Teringat judul lagu Peterpan, saya tambahi kata “Mahasiswa” jadilah judul Tak Ada (Mahasiswa) yang Abadi, sekadar untuk menerbitkan motivasi yang mulai terbenam di senja perkuliahan ini kawan. Tapi memang bener kan, gak ada yang abadi, termasuk mahasiswa. Kalaupun “gak” lulus kuliahnya, mungkin DO menjadi pilihannya, atau mungkin “belum” lulus kuliahnya. Di satu sisi posisi yang tampak “serba salah” ini sepenuhnya menjadi konsekuensi atau tanggung jawab mahasiswa yang bersangkutan, di sisi yang lain boleh jadi merupakan akibat “rush” yang disebabkan krisis global yang berdampak sistemik pada sistem diluar individu terkait, hehe, juga di sisi lain mungkin saja ada hal-hal yang secara prinsipil terkait dengan perihal keabadian tersebut. Intinya sih, bukan berarti ngeles semata tapi saya pengen melihat dan melakukan eksplorasi tentang apa saja yang terkait dengan keabadian ini.😉

Talk about responsbility, ada beberapa istilah terkait dengan responsbility (tanggung jawab). Ada yang namanya individual responsbility, social responsbility, collective responsbility, moral responsbility, professional responsbility, dll. Saya akan coba memetakan “tanggung jawab” dalam rangka mengurai keadilan pada sebuah tuntutan yang mendesak seorang “mahasiswa abadi” untuk menyelesaikan kasusnya (kuliahnya). Karena sering kali tindakan injustice ini sekonyong-konyong menangkap dan memenjarakan mahasiswa-mahasiswa “tua” dengan statement kontra produktif yang bersifat mencemooh, mencerca, mengolok-olok, serta merendahkan. Aksi serampangan ini sering kali tidak melalui proses atau tahapan penyidikan dan penyelidikan dengan cermat, valid, serta seksama, tiba-tiba saja status “mahasiswa menyedihkan” tersebut dijadikan tersangka dan terdakwa tanpa menjadi terduga atau saksi. Sungguh saya telah didesak untuk menandatangani berita acara yang menyatakan bahwa saya telah melakukan kebodohan dan melibatkan diri dalam kriminalisasi diri sendiri atas pekerjaan saya sebagai seorang mahasiswa.😦

Secara individu, jelas kelulusan yang “meleset” dari waktu yang ideal menjadi tanggung jawab mahasiswa tersebut, bisa jadi akibat kemalasan, tidak fokus kuliah (sambil bekerja, aktif dalam organisasi, dsb), sakit parah,kerusuhan,  gempa bumi, atau mungkin ada hal-hal yang lain yang menjadi hambatan, kendala, persoalan, ataupun pertimbangan mahasiswa yang bersangkutan.
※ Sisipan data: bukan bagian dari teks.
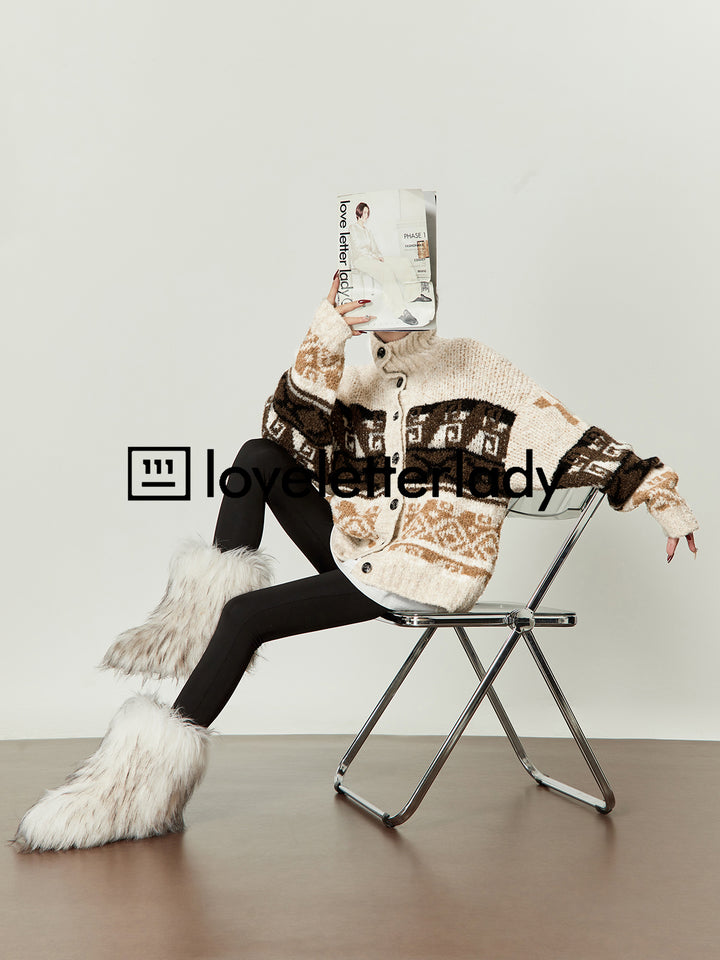 Tribal Pattern Wool Cardigan LLWC0020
Secara sosial, mungkin saja ada permasalahan pada situasi, kondisi, atau atmosfir di lingkungan sosialnya yang turut mendorong “kemelesetan” pada target lulus dalam perkuliahan . Tanggung jawab kolektif (semua pihak terkait) juga bisa memiliki andil dalam keterpurukan ini. Melihat “mahasiswa kasihan” seperti ini biasanya orang-orang bijak dan baik hati akan “terpanggil” jiwanya untuk mengulurkan tangan serta menyingsingkan lengan baju untuk membantu, karena membantu mahasiswa seperti ini menjadi tanggung jawab moral. Dari sisi tanggung jawab profesional, dosen yang profesional pasti mengharapkan dan membantu kelulusan mahasiswa yang dicintainya, karena menumpuknya mahasiswa akhir di kampus akan turut menurunkan “rating” akreditasi kampus, walaupun dari sisi yang berbeda pada dasarnya secara profesional pekerjaan mahasiswa adalah ngampus. Lho? Mahasiswa=Pekerjaan? Lihat saja KTP, mahasiswa adalah jenis pekerjaan, bukan status perkawinan.🙂

Hehe, sebagai mahasiswa tingkat akhir, ditahun ke 5,5 ini saya minta dukungan spirituil berupa doa, moril berupa senyuman, materil berupa uang 1 Milyar, serta hal-hal lain terkait finishing perkuliahan yang semakin durjana rasanya ini.😉

Dengan kaitkata , ,

6 thoughts on “Tak Ada (Mahasiswa) yang Abadi

  1. ichazutto mengatakan:

    hanya bisa tertawa saja..hahaha..😄

  2. ree_sha mengatakan:

    hanya bisa mendoakan …heuehue..

    kebut lah bang seminar 1 2 ma sidangnya…

    just enjoy d process

  3. […] Yeah, nobody can go back and start a new begining, but anyone can start today and make a new ending, membaca quotes memang menenangkan, membangkitkan motivasi, serta bisa menstimulus senyuman, tapi kita gak bakal bener-bener ngerti sebelum kita ngerasain “pertempuran” itu, then berusaha menarik pelajaran berharga dari pengalaman-pengalaman kita sendiri. Semua orang yang hidup pasti punya pengalaman hidup, the problem is “ada hikmah yang diambil gak?”. Anyway, “the war” di usia transisi ini bisa jadi tahun-tahun terberat dibanding usia mapan atau usia remaja, masa ini adalah saat-saat remaja akhir pindah ke dewasa awal, saat-saat “mencari-cari” tujuan hidup yang lebih kongkrit, real, dan nyata. Bagi mahasiswa yang baru lulus misalnya mencari pekerjaan – turun dari dunia teori ke dunia praktis, termasuk mencari pasangan hidup – bagi yang masih jomblo, saat-saat transisi memasuki usia “logis” untuk menjadi manusia produktif secara ekonomi, dsb, saat-saat tuntutan sosio-psikologis berdatangan menagih tanggungjawab, sekalipun kuliahnya belum lulus, hehehe. Kok hehehe? (emang siapa yang belum lulus?) […]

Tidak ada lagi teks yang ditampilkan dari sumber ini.